The most interesting disagreement came from a reader who pointed me to an article in National Review itself, on June 16, 1964, in which James Jackson Kilpatrick argued that former President Eisenhower could constitutionally be elected vice president on the Goldwater ticket. I’d never heard of this, but I’ve read Kilpatrick’s article now–and the support he elicited in later issues of NR from some GOP members of the Congress that wrote the 22nd Amendment–and I think the position is strongly argued but not, in the end, persuasive.
Kilpatrick reviews the peregrinations of constitutional language as the proposed 22nd Amendment made its way through the two houses of Congress in 1947. For him it is of paramount importance that early drafts of the amendment made a previous two-term president simply ineligible to be president, whereas the final language referred only to his ineligibility to be elected president, from which Kilpatrick (like Brian Gray) infers that non-electoral pathways to the presidency remained open. But by Kilpatrick’s own account, the debate in Congress never took up this question directly. As he notes, with the various drafts advanced, the debate was at pivotal moments all about the best language that would prevent a sitting second-term president from continuing in office. But stressing this proves too much, for the ultimate language barred any previous occupant of the presidency for two full terms (and possibly nearly two years more, if succeeding from the vice presidency), whether he was a current occupant or not.

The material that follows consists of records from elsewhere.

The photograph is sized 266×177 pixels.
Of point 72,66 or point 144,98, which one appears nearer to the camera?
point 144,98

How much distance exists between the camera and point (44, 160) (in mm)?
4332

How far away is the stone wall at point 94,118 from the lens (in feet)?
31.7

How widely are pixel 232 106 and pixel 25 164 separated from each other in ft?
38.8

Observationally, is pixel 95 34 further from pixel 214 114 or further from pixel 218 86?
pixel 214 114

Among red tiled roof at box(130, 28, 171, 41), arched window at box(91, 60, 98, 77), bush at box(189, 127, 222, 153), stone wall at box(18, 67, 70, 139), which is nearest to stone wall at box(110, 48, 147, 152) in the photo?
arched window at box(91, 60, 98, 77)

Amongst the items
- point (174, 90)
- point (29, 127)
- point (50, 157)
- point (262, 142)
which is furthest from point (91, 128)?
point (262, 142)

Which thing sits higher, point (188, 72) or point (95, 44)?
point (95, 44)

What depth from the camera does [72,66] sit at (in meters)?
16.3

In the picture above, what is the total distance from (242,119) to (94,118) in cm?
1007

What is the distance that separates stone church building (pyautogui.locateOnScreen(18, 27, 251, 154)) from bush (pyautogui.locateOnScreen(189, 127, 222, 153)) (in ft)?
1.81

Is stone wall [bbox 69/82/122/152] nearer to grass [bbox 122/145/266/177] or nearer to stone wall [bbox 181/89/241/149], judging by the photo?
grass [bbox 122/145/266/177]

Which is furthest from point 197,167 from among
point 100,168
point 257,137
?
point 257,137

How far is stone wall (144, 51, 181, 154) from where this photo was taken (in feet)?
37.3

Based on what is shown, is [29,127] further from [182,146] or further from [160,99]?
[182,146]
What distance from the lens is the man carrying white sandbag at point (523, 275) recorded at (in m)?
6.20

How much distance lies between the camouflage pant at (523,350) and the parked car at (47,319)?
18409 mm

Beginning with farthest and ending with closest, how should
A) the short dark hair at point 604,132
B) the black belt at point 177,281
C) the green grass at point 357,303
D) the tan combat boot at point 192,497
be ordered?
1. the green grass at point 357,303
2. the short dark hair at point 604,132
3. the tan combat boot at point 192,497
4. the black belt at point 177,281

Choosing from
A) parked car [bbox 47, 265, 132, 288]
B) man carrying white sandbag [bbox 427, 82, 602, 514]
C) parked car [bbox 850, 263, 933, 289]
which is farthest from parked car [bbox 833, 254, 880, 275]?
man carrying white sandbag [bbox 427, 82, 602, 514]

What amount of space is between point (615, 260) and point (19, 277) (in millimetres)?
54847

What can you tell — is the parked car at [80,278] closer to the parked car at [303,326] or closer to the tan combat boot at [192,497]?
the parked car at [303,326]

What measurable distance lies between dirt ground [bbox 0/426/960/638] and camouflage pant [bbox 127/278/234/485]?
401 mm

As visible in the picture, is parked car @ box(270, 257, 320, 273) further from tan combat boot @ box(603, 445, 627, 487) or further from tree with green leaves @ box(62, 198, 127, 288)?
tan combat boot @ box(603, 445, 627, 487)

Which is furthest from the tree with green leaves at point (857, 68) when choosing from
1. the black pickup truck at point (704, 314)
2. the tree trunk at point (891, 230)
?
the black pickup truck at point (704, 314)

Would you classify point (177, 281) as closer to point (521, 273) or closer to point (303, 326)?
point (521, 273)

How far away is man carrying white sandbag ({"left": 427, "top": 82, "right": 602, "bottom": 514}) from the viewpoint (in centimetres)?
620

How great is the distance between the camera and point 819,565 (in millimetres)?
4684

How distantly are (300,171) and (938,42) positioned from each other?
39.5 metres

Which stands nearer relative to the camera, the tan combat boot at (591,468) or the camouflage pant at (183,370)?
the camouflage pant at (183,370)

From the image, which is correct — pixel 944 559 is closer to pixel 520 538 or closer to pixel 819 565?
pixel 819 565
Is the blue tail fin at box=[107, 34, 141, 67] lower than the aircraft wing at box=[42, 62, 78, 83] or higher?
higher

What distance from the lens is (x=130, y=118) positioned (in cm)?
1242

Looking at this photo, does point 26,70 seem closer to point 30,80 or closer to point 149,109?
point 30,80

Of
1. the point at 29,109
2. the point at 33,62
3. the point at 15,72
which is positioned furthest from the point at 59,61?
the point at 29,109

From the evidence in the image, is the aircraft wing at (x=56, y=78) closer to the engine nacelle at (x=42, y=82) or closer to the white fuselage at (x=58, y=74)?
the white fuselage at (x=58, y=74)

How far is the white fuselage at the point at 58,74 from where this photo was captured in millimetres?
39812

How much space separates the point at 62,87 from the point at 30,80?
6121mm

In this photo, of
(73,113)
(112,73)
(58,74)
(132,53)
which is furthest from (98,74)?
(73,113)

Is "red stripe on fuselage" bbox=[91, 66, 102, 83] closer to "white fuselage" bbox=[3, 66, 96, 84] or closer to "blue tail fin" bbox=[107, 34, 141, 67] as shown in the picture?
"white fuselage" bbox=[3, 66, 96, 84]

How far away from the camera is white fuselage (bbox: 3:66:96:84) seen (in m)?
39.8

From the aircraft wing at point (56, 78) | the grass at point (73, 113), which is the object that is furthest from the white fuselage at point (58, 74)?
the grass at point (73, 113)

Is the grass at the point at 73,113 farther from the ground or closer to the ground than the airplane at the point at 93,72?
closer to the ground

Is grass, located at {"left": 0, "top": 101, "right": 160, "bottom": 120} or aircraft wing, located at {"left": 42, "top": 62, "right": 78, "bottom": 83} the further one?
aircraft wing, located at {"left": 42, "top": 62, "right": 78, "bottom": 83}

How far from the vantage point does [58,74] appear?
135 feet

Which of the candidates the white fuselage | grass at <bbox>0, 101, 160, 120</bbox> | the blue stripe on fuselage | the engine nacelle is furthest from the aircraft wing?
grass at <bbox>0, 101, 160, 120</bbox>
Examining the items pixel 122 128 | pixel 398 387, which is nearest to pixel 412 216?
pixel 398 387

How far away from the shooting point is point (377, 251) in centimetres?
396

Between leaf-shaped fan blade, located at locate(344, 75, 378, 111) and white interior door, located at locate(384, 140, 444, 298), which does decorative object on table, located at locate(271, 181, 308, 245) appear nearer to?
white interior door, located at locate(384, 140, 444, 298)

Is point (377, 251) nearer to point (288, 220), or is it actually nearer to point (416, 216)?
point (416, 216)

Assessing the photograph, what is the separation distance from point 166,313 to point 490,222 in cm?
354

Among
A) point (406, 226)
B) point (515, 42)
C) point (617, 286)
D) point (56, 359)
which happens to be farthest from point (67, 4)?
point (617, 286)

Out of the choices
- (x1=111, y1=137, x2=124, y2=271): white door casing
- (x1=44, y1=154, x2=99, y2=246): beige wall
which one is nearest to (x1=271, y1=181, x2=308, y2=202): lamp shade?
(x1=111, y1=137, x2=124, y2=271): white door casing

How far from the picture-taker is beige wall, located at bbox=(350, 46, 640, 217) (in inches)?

From Kilpatrick’s no doubt accurate narrative, I would draw the conclusion that the final language’s reference to being “elected president” for a third term rather than simply becoming president was largely accidental. No one was thinking deliberately of leaving the door open to former two-term presidents to serve again by succession from the vice presidency. Was the door nonetheless left open? Kilpatrick hews to a highly literal reading of the letter of the 22nd Amendment and says it was. As I said this morning, I would revert to the amendment’s purpose and say it was not.

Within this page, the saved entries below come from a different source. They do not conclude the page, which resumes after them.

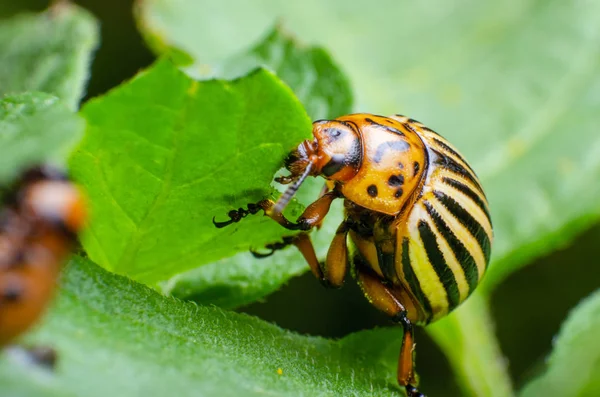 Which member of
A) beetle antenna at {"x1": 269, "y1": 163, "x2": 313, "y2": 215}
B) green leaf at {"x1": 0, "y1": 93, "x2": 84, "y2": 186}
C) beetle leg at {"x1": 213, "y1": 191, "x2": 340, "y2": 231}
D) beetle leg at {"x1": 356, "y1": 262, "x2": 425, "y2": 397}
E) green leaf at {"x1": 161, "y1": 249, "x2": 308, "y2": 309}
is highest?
green leaf at {"x1": 0, "y1": 93, "x2": 84, "y2": 186}

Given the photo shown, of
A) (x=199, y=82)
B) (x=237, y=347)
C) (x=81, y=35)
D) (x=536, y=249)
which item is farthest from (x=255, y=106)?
(x=536, y=249)

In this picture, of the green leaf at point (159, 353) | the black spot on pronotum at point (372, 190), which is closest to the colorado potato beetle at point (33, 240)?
the green leaf at point (159, 353)

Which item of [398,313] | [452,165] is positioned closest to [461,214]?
[452,165]

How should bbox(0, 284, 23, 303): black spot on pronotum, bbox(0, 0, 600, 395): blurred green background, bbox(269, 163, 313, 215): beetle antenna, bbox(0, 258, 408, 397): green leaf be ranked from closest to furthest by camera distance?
bbox(0, 284, 23, 303): black spot on pronotum
bbox(0, 258, 408, 397): green leaf
bbox(269, 163, 313, 215): beetle antenna
bbox(0, 0, 600, 395): blurred green background

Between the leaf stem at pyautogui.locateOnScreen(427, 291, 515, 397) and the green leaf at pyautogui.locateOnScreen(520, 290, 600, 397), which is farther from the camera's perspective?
the leaf stem at pyautogui.locateOnScreen(427, 291, 515, 397)

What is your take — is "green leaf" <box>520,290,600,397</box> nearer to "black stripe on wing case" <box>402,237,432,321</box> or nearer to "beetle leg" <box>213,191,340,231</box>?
"black stripe on wing case" <box>402,237,432,321</box>

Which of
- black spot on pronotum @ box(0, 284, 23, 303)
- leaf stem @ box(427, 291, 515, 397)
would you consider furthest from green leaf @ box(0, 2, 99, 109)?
leaf stem @ box(427, 291, 515, 397)

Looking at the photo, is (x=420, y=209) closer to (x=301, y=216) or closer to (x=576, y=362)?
(x=301, y=216)
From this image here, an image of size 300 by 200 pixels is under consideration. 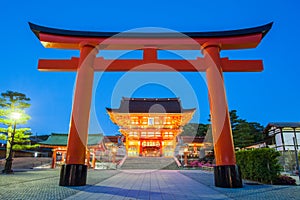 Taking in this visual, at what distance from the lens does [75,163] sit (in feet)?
17.7

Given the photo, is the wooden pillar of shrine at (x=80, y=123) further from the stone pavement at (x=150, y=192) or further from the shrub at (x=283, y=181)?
the shrub at (x=283, y=181)

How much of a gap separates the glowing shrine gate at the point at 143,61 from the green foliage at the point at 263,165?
8.47ft

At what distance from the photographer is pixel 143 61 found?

No matter what was said in Congress, what did the ratifying state legislatures–and behind them both, the American people in whose name they acted–think they were doing? They plainly thought they were telling any president who had served his two terms (or 6 to 10 years if he had succeeded from the No. 2 slot himself) that he was through. Done. Finished. Being. President. For keeps. No encores.
In light of this purpose–and the related language of the 12th Amendment–any member of the electoral college must ask himself, “Could I constitutionally vote for this person for president?” If the answer is no, he is duty-bound not to vote for him for vice president either.
In a maneuver too clever by half, Kilpatrick, and some of my correspondents today, suggest that their view is strengthened by the eligibility of an Eisenhower in 1964 or a Clinton in 2008 to become Speaker of the House, and to succeed to the presidency from that office should enough dominoes fall (so to speak). I’ll set to one side the very real doubts that might be raised about the statutory place of the Speaker in the line of succession–just substitute any of the Cabinet officers undoubtedly in line and the argument would be the same. This is a more difficult question than “could Ike or Clinton be elected vice president and thence succeed?” It is not touched at all directly by the text of either the 12th or the 22nd Amendment. Of course a former two-term president could be, say, secretary of state (and Bill Clinton would probably love it). But if I am right about the purposive meaning of the constitutional provisions on eligibility to the presidency, he would be just as much barred as was the immigrant Henry Kissinger, explicitly ineligible under Article II.
A final word. Brian Gray’s argument today, and that of J.J. Kilpatrick four decades ago, are exceedingly lawyerly. And I don’t mean that in a good way. There is almost no chance that questions like these would ever come before the Supreme Court, and they shouldn’t, even if events move to make such a case possible. These are questions for the people of the United States. They know what they meant to do in limiting presidential terms. And even those of us (like me) who think such term limits a bad idea would not stand for any finagling that puts a former president who has grasped the brass ring twice within reach of another ride on that carousel.